Last week I updated my EqualLogic firmware from 5.0.2 to 5.0.5 during a planned outage period.  Our electricians were doing breaker maintenance for a day and wanted everything power off.  I suspended my virtual machines instead of shutting them down because I figured it would be faster to start the guests in the VI up this way.  I then shut down my ESX hosts, updated the EqualLogic firmware, restarted the array to see that it had worked, and then shut them down.  I'm running vSphere 4.0, ESX 4.0.0 U2, by the way.  I have 2 NICs on each server talking to my SAN with multipath IO enabled in ESX by adding the nics to the iSCSI adapter (esxcli swiscsi nic add -n vmk1 -d vmhba32).  It worked fine until the firmware update.

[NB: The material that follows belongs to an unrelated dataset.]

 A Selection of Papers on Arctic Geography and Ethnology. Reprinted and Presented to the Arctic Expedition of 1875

After the firmware update I restarted the arrays, then started up my ESX hosts and hit the power button on the suspended VMs.  All seemed to come up fine.  It worked for around 2 days, but when I came in this morning everything in the VI, all of my Windows VM's had bluescreened.  All Linux VMs had kernel panics.  Rebooting VMs give NTFS errors.  The vmkwarning and vmkernel log files are giving errors about corrupted VMFS file systems and lock problems.  I have an open ticket to VMware and was on the phone with them most of the day, but the result is that the VMFS file systems are a total loss.

I'm resigned to rebuilding and restoring what I can, but what could have happened?  They don't know.  Is anyone else running this firmware successfully?

Reply
0 Kudos
13 Replies
idle-jam
Immortal
Immortal

mine looks good. i would suggest getting a call with dell as well ..

Reply
0 Kudos
Eudmin
Enthusiast
Enthusiast

I should have said.  We were all conferenced in together.  Dell got diags from the two PS5000e boxes and said it didn't look like an EqualLogic problem.  VMware asked me to get them in on the case because they didn't see 5.0.5 specifically in their hardware compatibility, but Dell said that they haven't seen lots of people with problems.

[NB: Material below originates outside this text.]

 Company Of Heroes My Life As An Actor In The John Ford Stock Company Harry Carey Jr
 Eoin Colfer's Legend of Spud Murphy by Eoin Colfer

I don't have evidence, but it really feels to me like the firmware update did something to the way that multiple ESX servers use MPIO to write to the shared VMFS volumes.

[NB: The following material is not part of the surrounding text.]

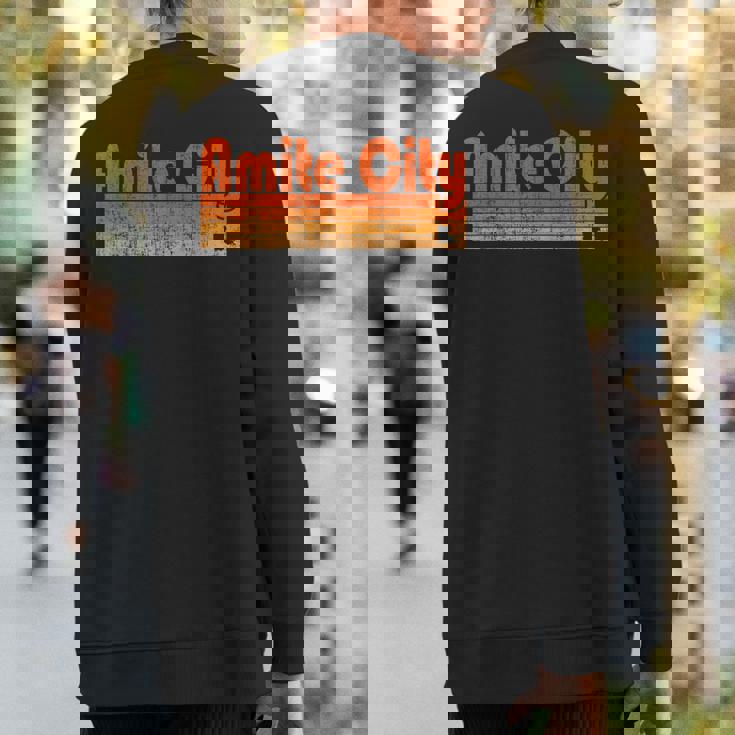 Amite City Louisiana Retro 80S Style Sweatshirt Back Print Amite City Louisiana Retro 80S Style Sweatshirt Back Print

Or maybe the Dell PowerConnect 5448 switches that I use to connect to the SAN went haywire somewhere in the last couple of days.  Sheesh.  Leaves me with lots of work.

Reply
0 Kudos
Eudmin
Enthusiast
Enthusiast

Now I created fresh volumes, installed new copies of ESXi 4.1U1, configured them and connected them to the shared volumes.  When I started writing to them I immediately started getting metadata corruptions.  It's gotta be the firmware?

Reply
0 Kudos
eeg3
Commander
Commander

Sorry to hear about your issue, but thanks for sharing. I'll be sure to wait a bit longer to update my firmware now.

Hopefully VMware or Dell can help you track down the cause.

Blog: http://blog.eeg3.net
Reply
0 Kudos
AndreTheGiant
Immortal
Immortal

I've not yet upgraded (have bad memories about the 5.0.0 "recommended" upgrade) so I cannot exclude firmware issues.

I suggest to call again Dell, because this seems a storage issue.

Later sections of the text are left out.